El siglo XXI ha traído consigo una infinidad de debates e ideologías que se presentan a sí mismas como detentoras de la verdad. A la par, las nuevas generaciones —habituadas a las tecnologías de “todo al alcance de un click”—, adoptan estas ideologías como regidoras de su personalidad. Se trata, al fin y al cabo, de una generación (mal)acostumbrada al conocimiento instantáneo, que ha dejado de valorar la constante persecución de la verdad.
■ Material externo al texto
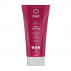 KHADI - Shampoing ayurvédique Amla - Cheveux ternes et fins 210ml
Lamentablemente, fruto de este facilismo patológico, se ha caído en el modismo del cuestionamiento deconstructor. Un cuestionamiento que consiste en la mera crítica a lo “establecido”, a lo “normativo”. Una crítica sin fundamento más que el afán de criticar. Son cuestionamientos frívolos e irresponsables. Cuestionamientos vacíos de aquellos que, auto percibidos revolucionarios, se preguntan el por qué de las cosas sin realmente buscar una respuesta. Es una sed de verdad a medias, de verdades convenientes e ideológicas.
Cuestionar si, cuestionar no, cuestionar todo, cuestionar nada. Este se ha convertido en el gran dilema del siglo, un debate que atraviesa cada célula social desde su núcleo. El cuestionamiento se ha convertido en el modismo del “hombre idiota”, quien con su actitud sólo resulta funcional a las ideologías y poderes de turno, sin concretar —realmente— ninguna revolución prometedora.
Y en esta odisea de inútiles, la verdad se ha visto prostituida e instrumentalizada. Se la ha vestido con distintos nombres, partidos y banderas. Se la ha acusado de estática y de cambiante, de única y de diversa. Una verdad que ya no es verdad, sino que es discurso. Una verdad que ya no es fin, sino que es medio.
En síntesis, nos enfrentamos a una realidad dura, pues ha perdido sus bases y, con ello, la capacidad de edificarse a sí misma. Entre tanto, el ser humano camina perdido y sin rumbo, en un amplio mercado de identidades cambiantes y de baja calidad. No estamos yendo a ningún lado, más bien, estamos caminando en círculos, condenados a tropezar con la misma piedra.
Pero no todo está perdido. Nos toca aprender a ver el mundo desde afuera, desde el reconocimiento de la propia ignorancia y la incómoda —pero constante— posibilidad de estar equivocados. No se trata de cuestionar lo normativo por su carácter de norma, ni lo establecido por no entender su razón de ser, sino de cuestionar en pos de construir —sociedades— sobre bases firmes y duraderas. Se trata de edificar generaciones con el conocimiento de la verdad, en su forma más honesta, y de alimentar el deseo de la sabiduría humilde en nuestros hijos y nietos.
Cuestionen, si. Pero cuestionen con conciencia y a conciencia. No cuestionen por osmosis. Aprendan, lean, estudien. Pero no persigan el conocimiento desde una arrogancia inexperta, sino más bien, busquen el saber desde la humildad.